Closed PointsCoder closed 3 months ago

PointsCoder commented 3 months ago

Hi,

Thanks for your great work!

I am trying to train your model on CALVIN and found that the training time is very long. In your default setting it seems to train for 600000 iterations and will take 200 GPU hours on my side. Can I ask what is the training setting (how many GPU cards, batch size on a single GPU card, training iterations) for your best CALVIN models?

PointsCoder commented 3 months ago

I found some useful explanations from prior issues #9 #5 , but there is still a question I want to ask: You said that you used batch size 1080 with 6 GPU cards, but it seems that 40GB cards can only accommodate batch size 30 in each GPU, so I am wondering your exact setting for training CALVIN?

twke18 commented 3 months ago

Hi,

The effective batch size in our experiments is in fact num_gpus * num_episodes_per_gpu * length_per_episode.

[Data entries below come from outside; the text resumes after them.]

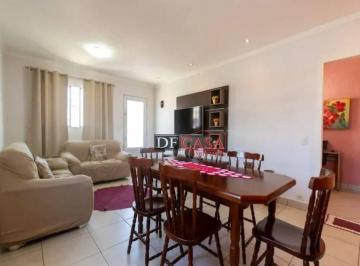Casa · 400m² · 4 Quartos · 4 Vagas · Casa a venda com 4 dormitórios sendo 1 suíte com vaga de garagem a venda.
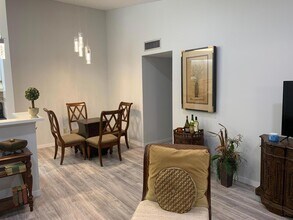 1100 Duncan Cir, Unit 202 in Palm Beach Gardens, FL - Foto de edificio - Building Photo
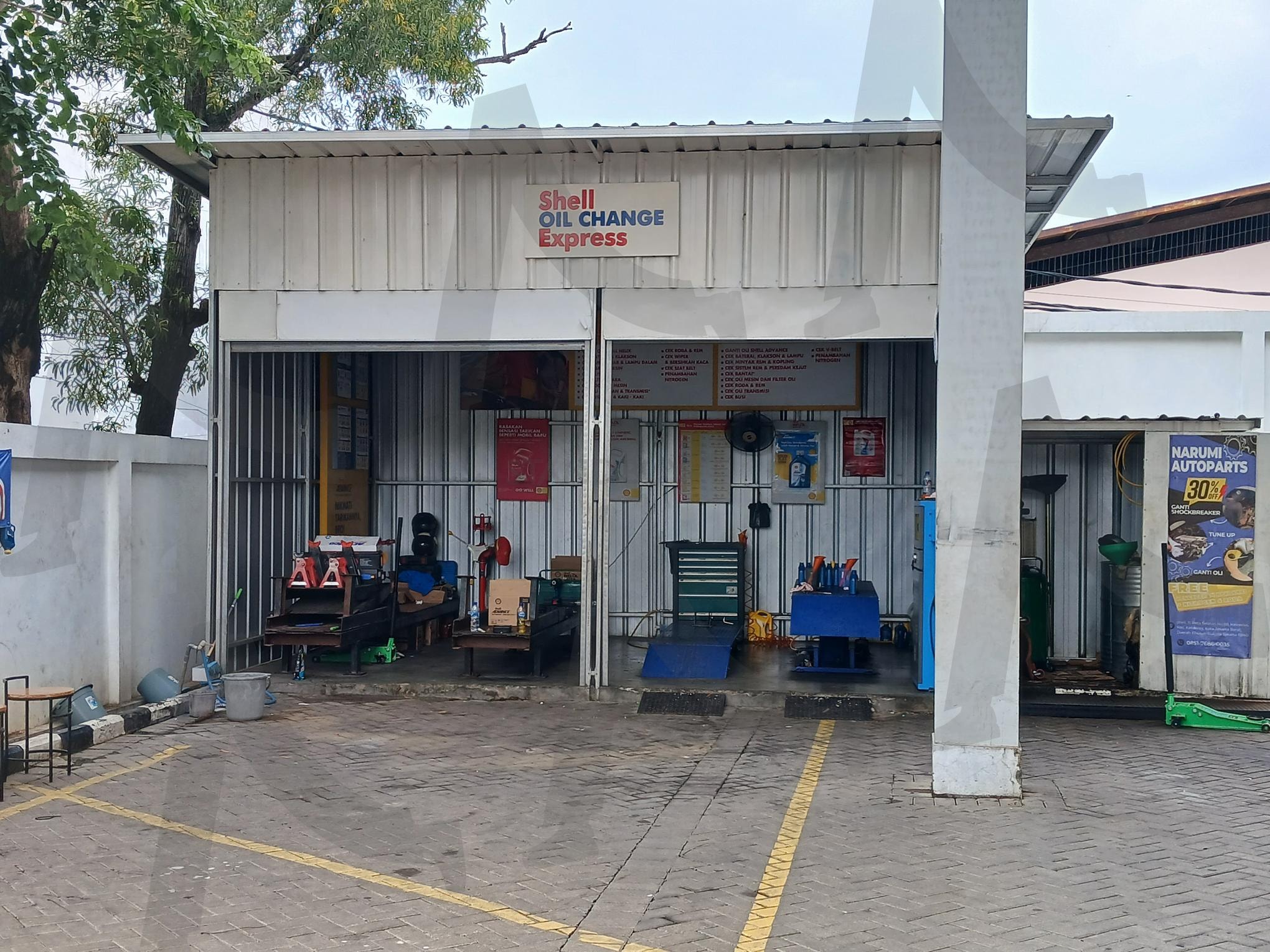인니 자카르타 셀(Shell)주유소 내 오일 체인지 모습 | 인니_자카르타_셀 주유소, 자카르타_셀_주유소, 오일체인지(Oil Change) @Shell, Shell 주유소, 주유소 내 서비스 내용 | 스탠바이 STANDBUY 디지털 콘텐츠
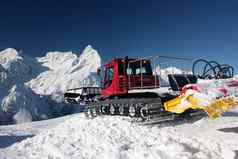 雪地履带式车辆工作处理山坡上山坡上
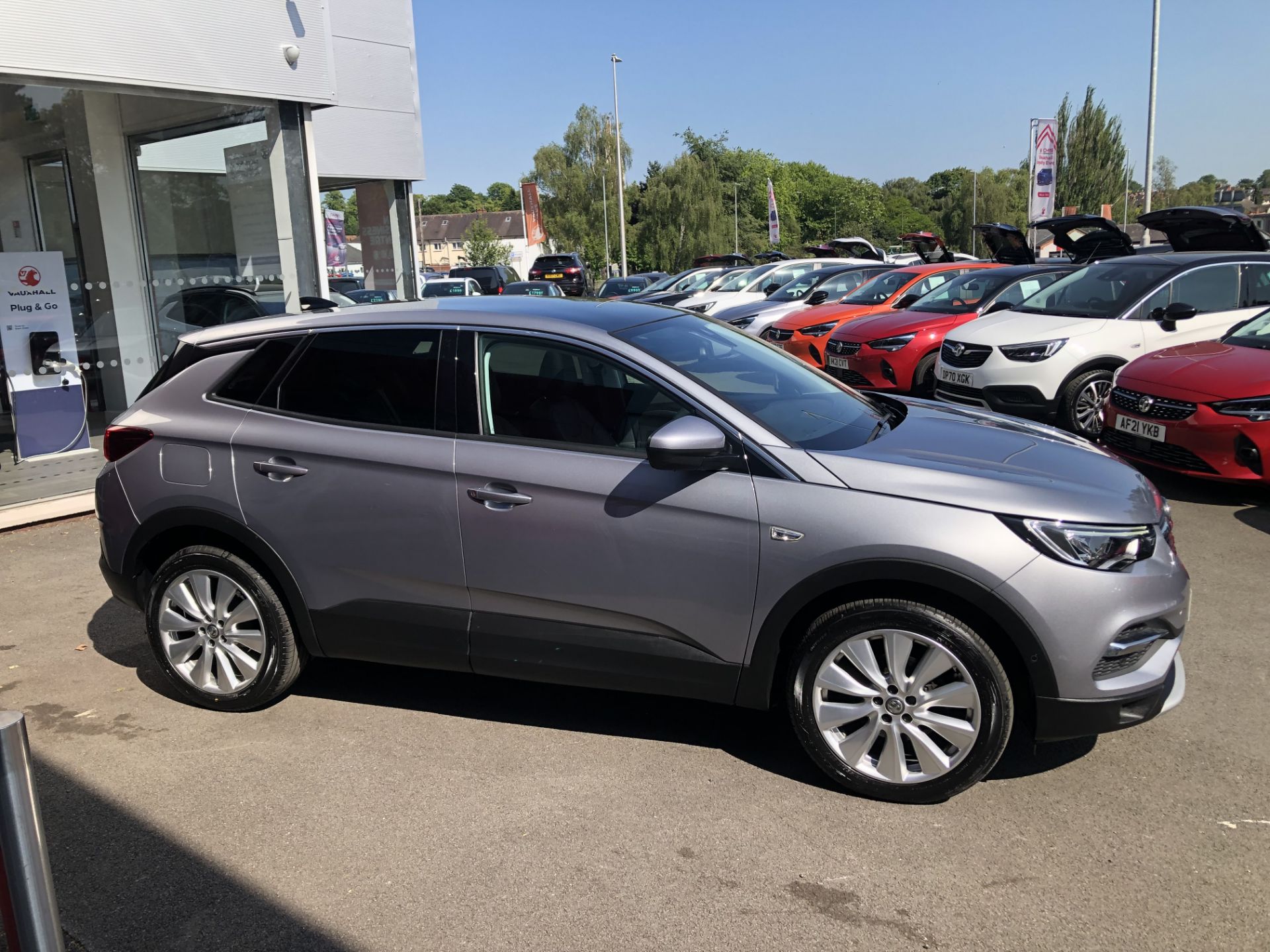 Vauxhall Grandland X 1.2T (130ps) Elite Nav 5dr Automatic, Registration: DS20EUO, Date First - Image 2 of 8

You can see this line for chunking every episode. If the length of the episode is smaller than the specified one, we will use the whole episode. In our experiments, we use 6 gpus, 30 episodes per gpu, and a maximum episode length of 30. That is to say, our maximal batch size would be 5400, not 1080. We didn't notice this mistake until now! Sorry for the confusion.

On CALVIN, I believe you don't need to train the full 600,000 iterations. We just trained for 65,000 iterations in our experiments. Also, we didn't ablate the effect of different batch size, since we spent most our effort on experiments in RLBench.

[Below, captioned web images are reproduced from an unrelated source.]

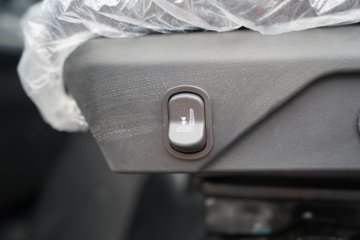 ����HOWO��ʿ 4.1L���� 200���� 4X2 ��ʿ��10�� 3.8���Ű���ж��ͼƬ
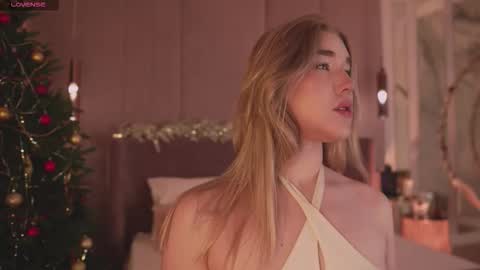 Mia online show from December 15, 5:01 am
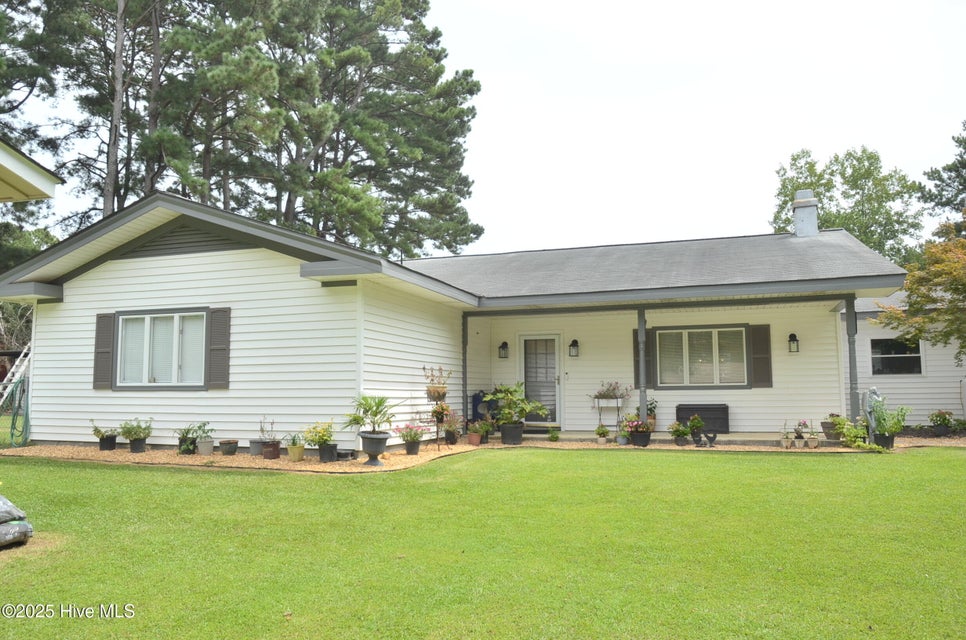 Spring Hope, North Carolina, 27882, United States, 4 Bedrooms Bedrooms, ,2 BathroomsBathrooms,Residential,For Sale,1974659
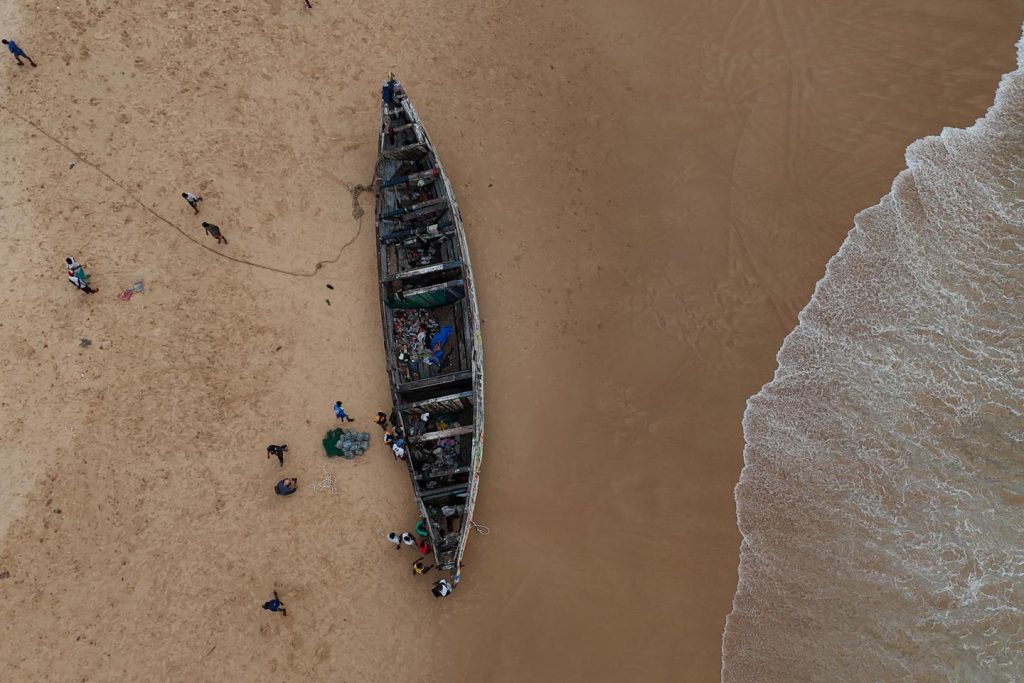 أثناء مغادرتهم غامبيا إلى إسبانيا، ظل زورق يحمل على متنه عدة مئات من الأشخاص مفقودًا منذ أكثر من شهر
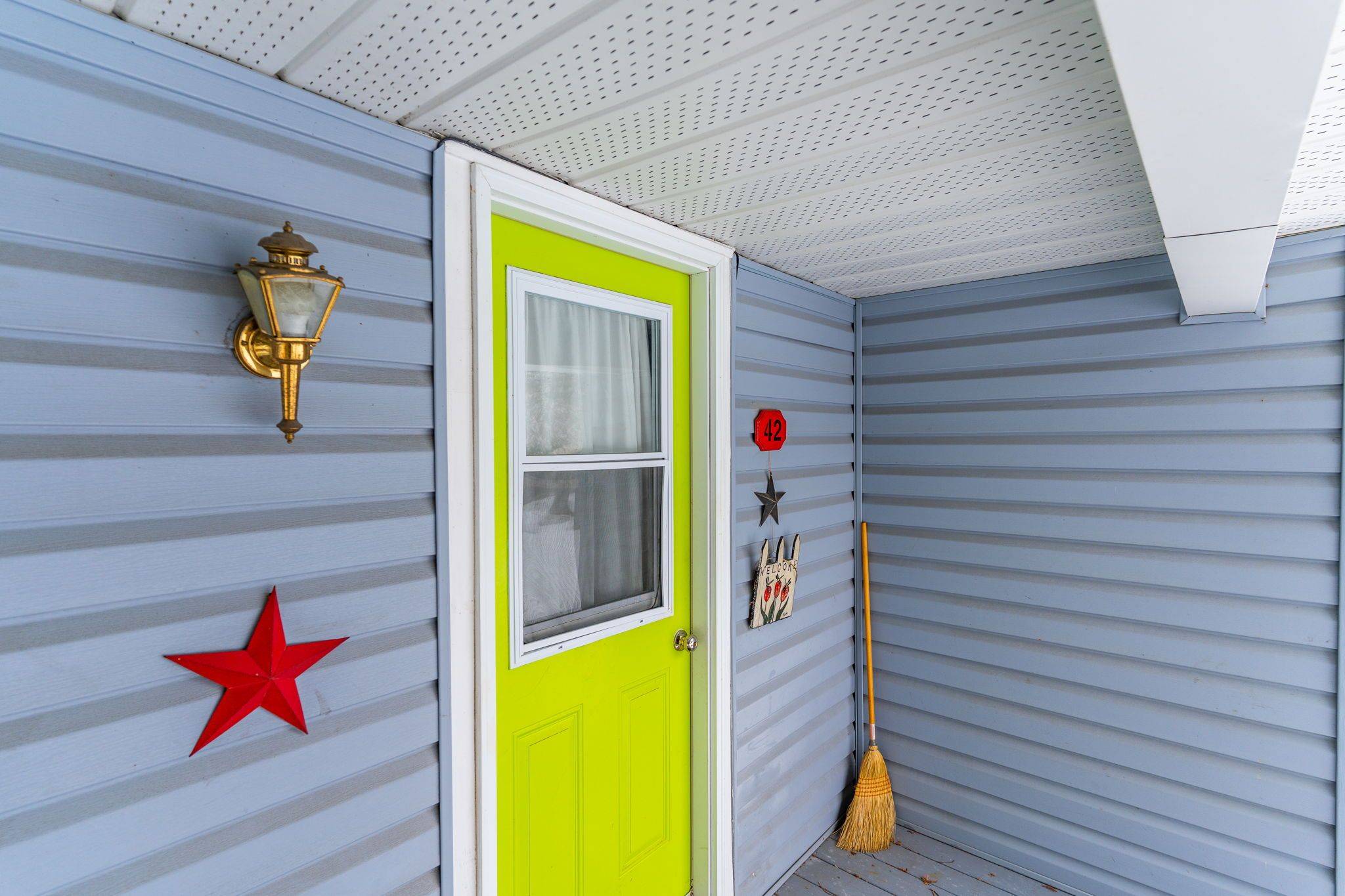 Bancroft, ON K0L 1C0,42 Chemaushgon RD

PointsCoder commented 3 months ago

Thank you! That addressed my concerns.

chenfengxu714 commented 3 months ago

Hi,

I notice that in your training log, your training takes one day. I use 6 A6000 GPUS with your script config for 60K iteration, yet it takes ~6 days. May I know any modification can accelerate it? I think there should be some misalignments between yours and ours.

Best regards

twke18 commented 3 months ago

Hi,

IO is indeed the bottleneck of our code base. We hosted the data on a SSD disk. If not using SSD, it would take a lot of time for training the model. Also, the number of threads matters. Our CPU is a AMD EPYC 7502 32-Core Processor.

chenfengxu714 commented 3 months ago

Thanks for your reply! yeah, I tweak a little bit of these settings and now it can be trained in one day!